Bernie Ecclestone, the billionaire who turned formula one into the world’s premier sport, let Frank Williams out of a bill for a failing auto-design business in 1964. That spring the 70-year-old was sharing a tiny Monaco hotel suite with such colleagues as Niki Lauda and Gabriele Gianelli. It was only two weeks before they would take the first of four consecutive constructors’ championships for the Williams team.

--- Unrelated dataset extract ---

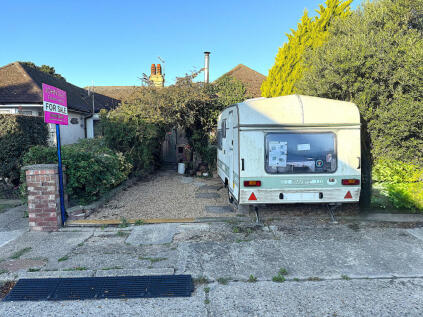 George V Avenue, Lancing, BN15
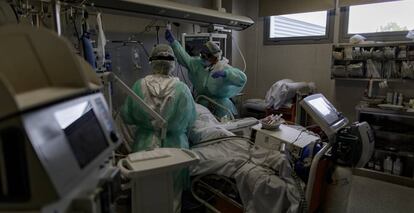 Personal sanitario atiende a un paciente ingresado en la UCI del Hospital Infanta Sofía, en San Sebastián de los Reyes (Madrid).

This week, the Abu Dhabi Grand Prix ended the saga of the 73-year-old’s death-defying campaign to save the Manor team, which he founded in 2006. Filling the void left by his departure, an Oct. 28 feast of high-speed thrills is planned at the Yas Marina circuit, the richest motor-racing track in the world, held at an appreciably higher altitude.
But before he took the permanent helm of the Manor team, Williams was the head engineer for Brabham, the World Series of Racing, from which he pulled the racing reins in 1997. Then he embarked on his odyssey of annual treks to the top of the F1 rankings for the latest crop of drivers.
“He is a brilliant driver himself and probably one of the best drivers never to have won a world championship,” Ecclestone once said of Williams.
At the end of its heyday, Williams’ team counted Williams, Michael Schumacher, Jacques Villeneuve, Damon Hill, Eddie Irvine, Allan McNish, Eddie Irvine, Sebastian Vettel, Ross Brawn, Jenson Button, Jackie Stewart, Ayrton Senna, Alain Prost, James Hunt, Nigel Mansell, Ayrton Senna, Jacques Villeneuve, Sam Ryder, Mark Webber, and Nigel Mansell. His team may never win a world championship again, but it never ceases to make an impression.